Старик, не сняв калош, пошел на свет экрана и, не отпуская его, сел на диван. Глаза настроились на четкость, и тогда он увидел людей: сотни людей… Сплошную стену лиц, лиц… А перед ними, взявшись за руки, в плавном движении, влекомые песней, на льду — он и она. Ласкала их музыка. Подпрыгивало, трепыхало при крутом движении круглое крылышко на литых бедрах девушки. Нежны и сильны ее ноги в белых, высоко зашнурованных ботинках с коньками. Незнакома она в девичьей силе своей. Бережен он к ее гибким рукам, и умеет она почувствовать все малейшие движения его души, его желания. Она отдает себя музыке, ему и всем, поворачивает к нему лицо и улыбается оттого, что молода, что счастлива, что горит и светится голубой и ярчайший их мир. Небо ли с ними там, солнце ли там? Откуда льется этот свет? Где наметилась эта девушка, из какого далекого мира явилась в наши дни? Что за люди смотрят на нее? Каким спокойным, задумчивым и незнакомым светом полны их лица? Из каких они будущих времен? Почему он еще не видел их, этих людей? Синий, синий свет за экраном…
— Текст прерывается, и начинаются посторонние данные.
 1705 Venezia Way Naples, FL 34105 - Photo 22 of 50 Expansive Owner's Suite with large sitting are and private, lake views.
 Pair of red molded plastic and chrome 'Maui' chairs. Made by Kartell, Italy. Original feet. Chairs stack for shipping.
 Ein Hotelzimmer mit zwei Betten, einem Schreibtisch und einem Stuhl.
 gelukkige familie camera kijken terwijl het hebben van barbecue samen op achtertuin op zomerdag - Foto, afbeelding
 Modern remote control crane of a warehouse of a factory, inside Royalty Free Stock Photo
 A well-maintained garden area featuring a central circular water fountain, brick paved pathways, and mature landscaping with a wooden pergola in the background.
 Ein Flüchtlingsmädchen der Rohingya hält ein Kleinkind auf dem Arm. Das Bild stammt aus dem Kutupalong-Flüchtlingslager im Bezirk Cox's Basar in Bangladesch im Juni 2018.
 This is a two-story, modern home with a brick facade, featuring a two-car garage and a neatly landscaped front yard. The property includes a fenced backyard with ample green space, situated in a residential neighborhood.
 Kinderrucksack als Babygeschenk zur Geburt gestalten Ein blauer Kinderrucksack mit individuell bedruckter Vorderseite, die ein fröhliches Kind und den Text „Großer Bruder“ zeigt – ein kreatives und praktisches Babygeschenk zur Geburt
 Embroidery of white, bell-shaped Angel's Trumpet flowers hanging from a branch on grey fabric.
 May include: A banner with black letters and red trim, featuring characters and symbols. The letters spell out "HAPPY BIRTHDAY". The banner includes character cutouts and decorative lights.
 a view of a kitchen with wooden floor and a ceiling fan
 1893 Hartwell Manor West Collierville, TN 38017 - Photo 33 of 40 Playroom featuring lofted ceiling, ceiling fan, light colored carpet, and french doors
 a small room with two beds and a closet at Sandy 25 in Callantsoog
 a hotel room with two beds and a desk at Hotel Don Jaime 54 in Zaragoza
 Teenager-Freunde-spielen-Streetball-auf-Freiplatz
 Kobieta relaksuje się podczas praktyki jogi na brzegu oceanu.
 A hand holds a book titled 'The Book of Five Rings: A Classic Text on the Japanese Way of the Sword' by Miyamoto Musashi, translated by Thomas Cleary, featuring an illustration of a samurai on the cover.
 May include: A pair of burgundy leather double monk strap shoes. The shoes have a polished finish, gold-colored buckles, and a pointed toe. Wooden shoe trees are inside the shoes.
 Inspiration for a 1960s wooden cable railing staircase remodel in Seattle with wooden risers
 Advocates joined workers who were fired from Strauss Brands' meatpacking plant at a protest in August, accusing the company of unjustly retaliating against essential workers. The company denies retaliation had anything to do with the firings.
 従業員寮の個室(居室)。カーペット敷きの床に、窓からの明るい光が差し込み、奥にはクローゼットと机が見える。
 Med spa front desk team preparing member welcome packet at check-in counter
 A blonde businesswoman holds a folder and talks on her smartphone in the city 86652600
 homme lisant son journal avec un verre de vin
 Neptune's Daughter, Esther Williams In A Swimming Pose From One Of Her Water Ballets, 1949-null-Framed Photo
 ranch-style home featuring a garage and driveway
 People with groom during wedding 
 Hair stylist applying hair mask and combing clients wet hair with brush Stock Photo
Старик даже не заметил, когда подменилось его сознание. И кажется ему, что уже давным-давно его нет. Лето и яркое марево коснулись его холмика. Колышутся стрельчатые перья травы, прорастают из прошлогоднего настила прели. Далекие и солнечные ветры идут над ним. А он из своего бездыханного мрака проглянул сюда, в этот мир, который невообразимо светел. Он подсмотрел его оттуда, из-под своего ветхого холмика, на котором истлевали в зелени травы темные грудки креста. Прозрел солнечную толщу лет.. Люди сосредоточенно внимали прекрасному празднику. Старик погостил у них… Сознание вернуло его в темную комнату — озябли ноги. Старик не двигался. На душе его было светло, и он подумал: совсем другие люди наросли… Когда он их просмотрел?.. Среди них он обязательно сейчас узнает своего Леньку.
XXII
Уже спали Семен с Клавой, внуки. У старика сна не было: он воспринимал все приглушенно, в полузабытьи, как в воде.
Ленька в одних трусах пробрался к нему, поднялся на приступку печки. Старик лицом почувствовал близость его губ.
— Деда, — прошептал он. — Ну, деда.
— Что тебе?
— Я решил.
— Что? — старик ничего не мог сообразить.
— Задачку.
— Какую?
— Про мужика и про камни. Ну, деда!
— Ну… — старик проснулся, память его прояснилась.
— Один пунт камень, три пунта…
— Фунта, — поправил старик и стал рукой искать Ленькину голову… — Ну…
— Девять… и двадцать семь… Деда, проверь. Все составляется… От одного до сорока…
Волосы у Леньки мягкие, как пух ковыля. Старик пригнул его голову поближе к своему лицу и сказал:
— Ночь, а ты не спишь. Вот отец встанет, тебе поддаст.
— Деда…
— Ну?.. Лезь сюда.
— А я приемник не своровал. Это мы его временно разобрали. Втроем… Будем катушку перематывать.
— Какую катушку?
— Ну, там… В схеме. Он будет больше станций брать.
— А березку ты правда срубил?
— Это мы на мачту, деда. — Ленька покаянно вздохнул. — У нас мачта мала, а мы хотели высокую поставить.
— Зачем высокую-то? У вас уже есть. — Старик окончательно проснулся, ощупывал тощенькую спину Леньки.
— Деда… А мы в яме живем.
— Это что?
— Ну… Местность такая… Везде высоко, а у нас — блюдце. Волны над нами пролетают. А если к одной березке другую березку привязать — дружка на дружку — и поставить, вершина в самые волны вонзится.
— Как ты ее удержишь?
— А растяжками.
Старик надолго задумался.
— А какие они у радио, волны-то?
Ленька помолчал.
— Деда, знаешь… А я не знаю…
Ленька смотрел в окно. Глаза его ловили тайный ночной свет. Старик долго молчал.
— Какую березку-то срубил? Их всего три было. Самую высокую? Тоненькую?